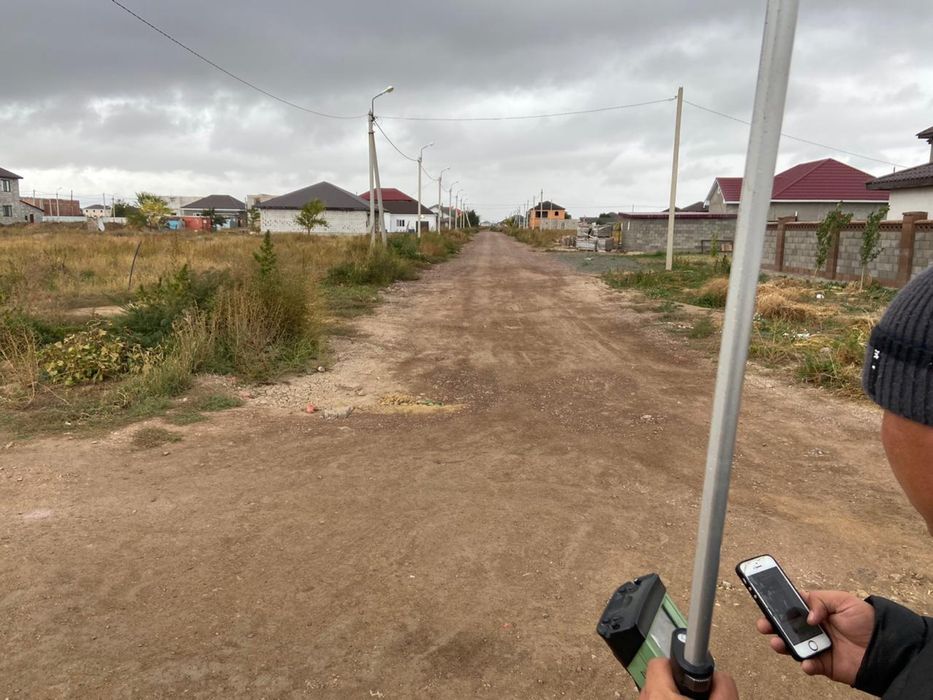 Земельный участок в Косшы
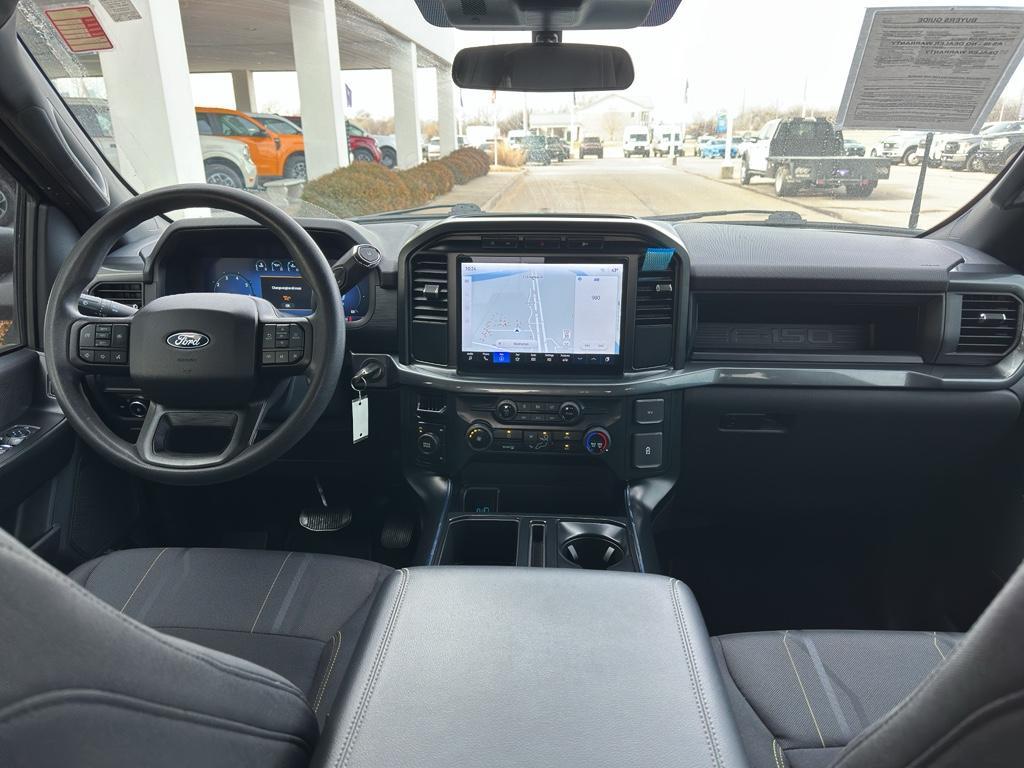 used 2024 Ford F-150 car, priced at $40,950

---

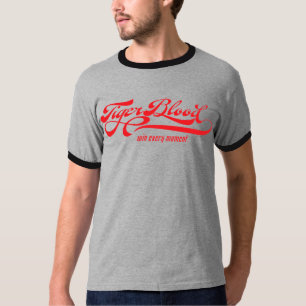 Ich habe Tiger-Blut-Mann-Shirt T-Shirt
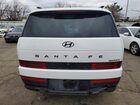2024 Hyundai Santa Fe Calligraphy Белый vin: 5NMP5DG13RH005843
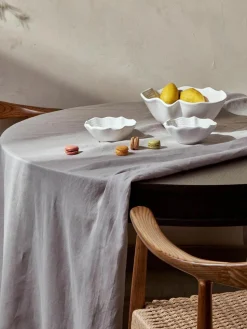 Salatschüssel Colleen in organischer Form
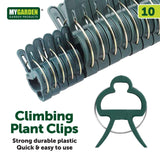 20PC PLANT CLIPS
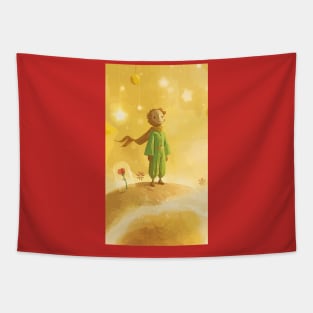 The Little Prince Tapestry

What is needed: Using the entries above, reproduce word for word only the lines from the one that contains "Salatschüssel Colleen in organischer Form" to the one that contains "The Little Prince Tapestry", both ends included, and drop every picture.

Answer for this exercise:
 Salatschüssel Colleen in organischer Form
 20PC PLANT CLIPS
 The Little Prince Tapestry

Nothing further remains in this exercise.